Exclusion is old agenda
BY MICHEAL MacDONNCHA
The storm of reaction to the deaths of the two RUC members in
Lurgan has been directed primarily at one group of people - Sinn
Féin voters. Like everyone else these voters were shocked and
disappointed at what happened in Lurgan, but media spins designed
to create blame and guilt are aimed at isolating those voters
once again, just as repeated attempts are made to isolate their
chosen elected representatives.
The tens of thousands of people who voted for Sinn Féin on both
sides of the border this year did not vote for fatalities at
Lurgan; neither are they nor the Sinn Féin representatives they
elected in any way responsible for such deaths. The IRA was
responsible and it has neither sought nor obtained an electoral
mandate. Sinn Féin sought a mandate and received it on the basis
of the party's peace strategy. That peace strategy remains the
bedrock of its policy and the entire focus of its activity.

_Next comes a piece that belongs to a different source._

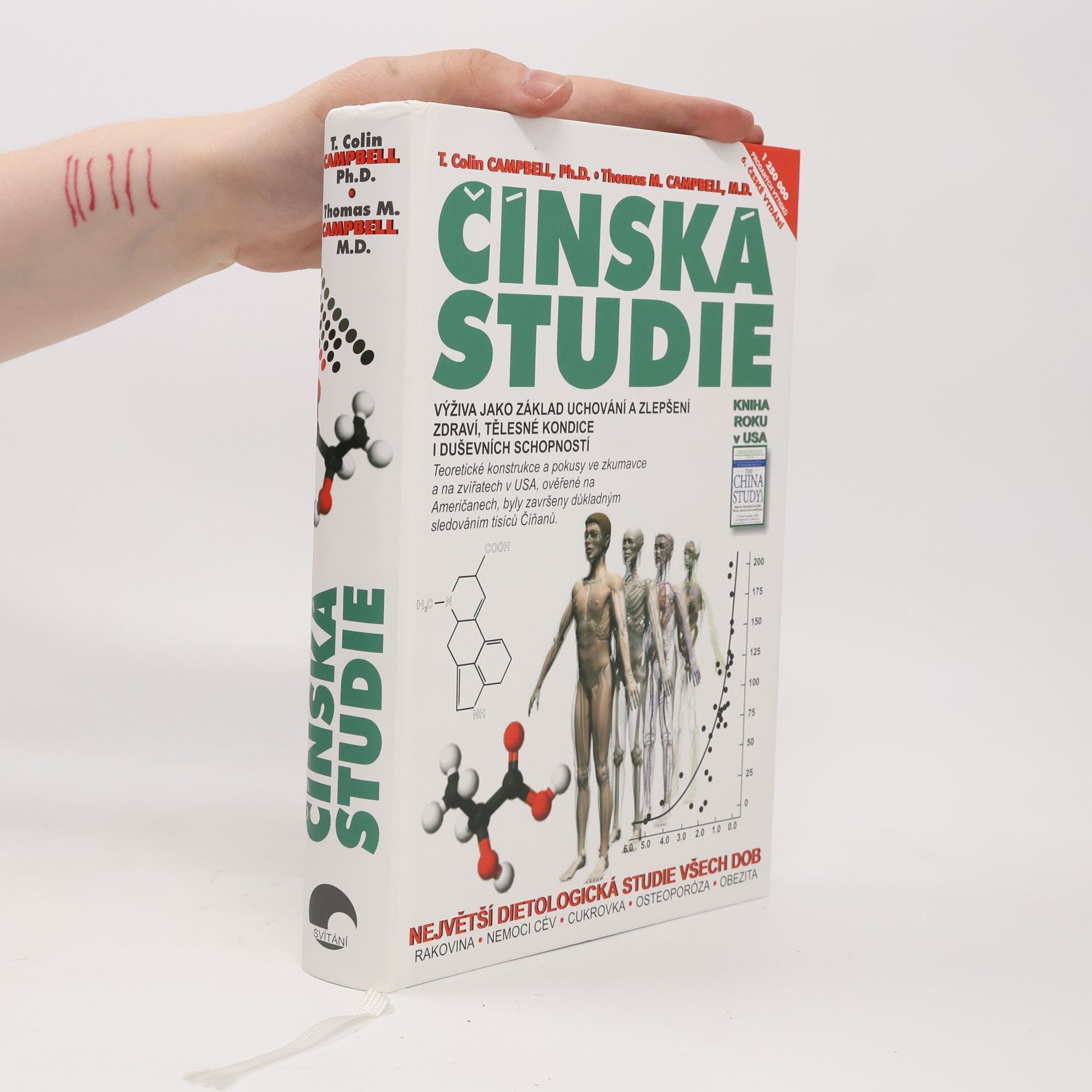Colin Campbell Čínská studie : výživa jako základ uchování a zlepšení zdraví, tělesné kondice i duševních schopností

When the political and media establishment hit out at Sinn Féin
they are returning to the old agenda of exclusion - the agenda of
not treating Sinn Féin voters on the same basis as every other
party, the agenda that has helped create the conditions for
conflict. This policy of exclusion did not come about after the
ending of the IRA cessation at Canary Wharf last year; it dates
back to the days when Sinn Féin first obtained a significant
electoral mandate in the Six Counties in 1982. It was wrong to
exclude Sinn Féin voters and Sinn Féin elected representatives
then. It was wrong during the IRA cessation of August 1994 to
February 1996. And it is wrong now. Wrong and counter-productive,
reinforcing the inequality that is at the root of why a section
of Irish people in 1997 still resort to armed force for political
objectives.
Does this mean that Sinn Féin is pursuing a `dual strategy',
armed struggle and party politics, that it wants conflict outside
the negotiations and talking inside? Emphatically no. All Sinn
Féin's efforts have been directed at bringing about real
negotiations in a peaceful atmosphere. In rejecting the
accusation of a `dual strategy' in the aftermath of Lurgan, Sinn
Féin President Gerry Adams said his party was as committed as
ever to its peace strategy. On his responsibility with regard to
the IRA, he said:
``If I am measured it is because it is part of my responsibility
to persuade the very organisation which carried out these actions
that when there is a credible process of negotiations then it
should enhance that process, as it said it would and as I believe
it will.''
Sinn Féin with others achieved an IRA cessation in 1994, the
culmination of years of work. The quid pro quo was a real process
of negotiations. That process did not come about, for all the
reasons with which we are familiar; the unwillingness of the
British government to engage being the primary reason. Once the
initial cessation was met with British bad faith and once it came
to an end it was always going to be extremely difficult to
rebuild the peace process.
Among the difficulties are the double standards which are
applied. The numerous breaches of the loyalist ceasefire have not
been followed by ritualistic denunciations of the loyalist
parties and calls for their exclusion from talks. Who now
remembers the name of the young man killed by the British Army in
Derry last July? When Dermot McShane was crushed to death by a
British military vehicle there were no calls for the cutting off
of contact with the government which directs the British Army.
Other salient difficulties have been the lack of real movement on
political prisoners, with some having entered their 21st year in
jail; the failure to demilitarise; the absence of equality of
treatment for nationalists in the Six Counties; all issues which
can be addressed immediately without reference to negotiations.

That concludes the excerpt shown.